The Oklahoma lawyer, father of famed African-American historian John Hope Franklin (1915-2009), was describing the attack by hundreds of whites on the thriving black neighborhood known as Greenwood, Tulsa, Oklahoma.

“Lurid flames roared and belched and licked their forked tongues into the air. Smoke ascended the sky in thick, black volumes and amid it all, the planes—now a dozen or more in number—still hummed and darted here and there with the agility of natural birds of the air.”

Franklin writes that he left his law office, locked the door, and went down to the foot of the steps.

“The sidewalks were literally covered with burning turpentine balls.
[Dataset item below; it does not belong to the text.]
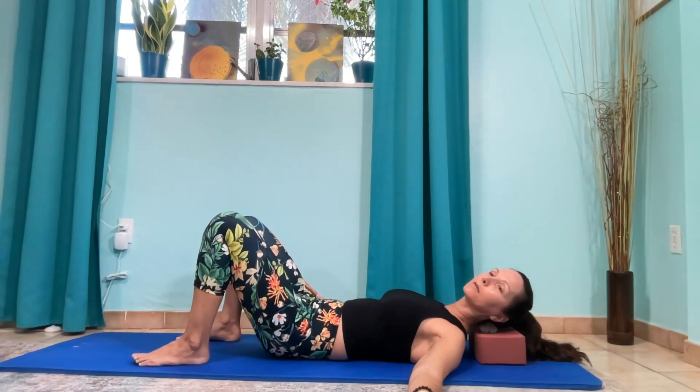Go ahead and lift the chin and tuck the chin, so now we're massaging up and down.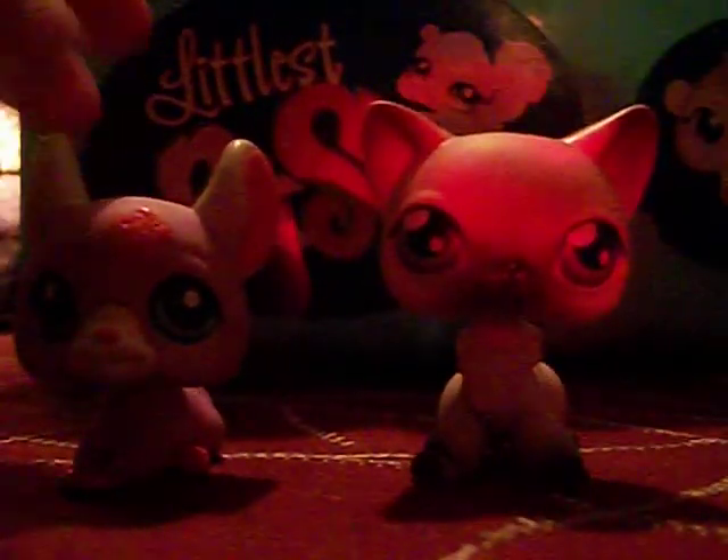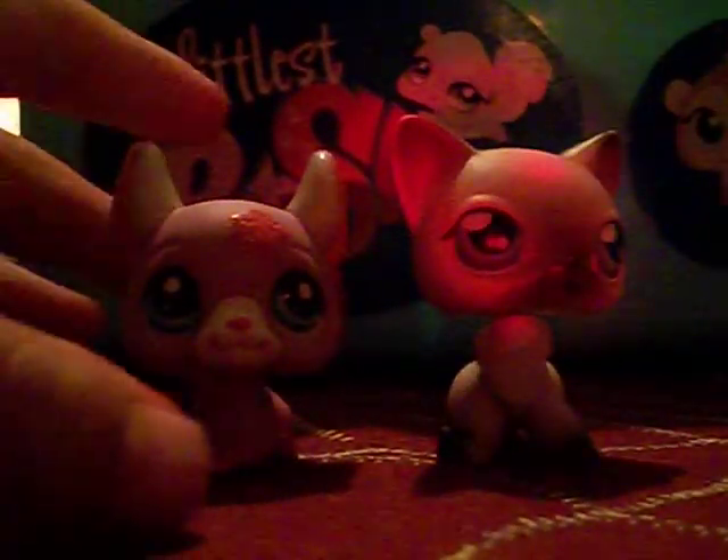You're going to take a Littlest Pet Shop that doesn't have too much of a wobbly head. You can check it like that — it doesn't wobble that bad. Then you're going to take a Littlest Pet Shop that has a magnet on its bottom, on its hand or anything. I think the hand ones are better because they work better. You're going to take a regular one of these — it's flat right here and sharp right here.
I knew all too well where they came from, and I knew all too well why every burning building first caught from the top,” he continued. “I paused and waited for an opportune time to escape. ‘Where oh where is our splendid fire department with its half dozen stations?’ I asked myself. ‘Is the city in conspiracy with the mob?”

Franklin’s manuscript now resides among the collections of the Smithsonian’s National Museum of African American History and Culture in Washington, DC. The previously unknown document was found in 2015, purchased from a private seller by a group of Tulsans and donated to the museum with the support of the Franklin family.

The only other recent account has been given by Black Wall Street’s only survivor, 102-year old Dr. Olivia Hooker, who was last known to reside in White Plains, New York. Hooker told her accounts of the massacre in 2015 to the Wall Street Journal when she was 100 years old. In that interview, Hooker refused to identify the Tulsa Race Riots of 1921 as a “riot.” She says that what she survived at age six, was much more sinister than that.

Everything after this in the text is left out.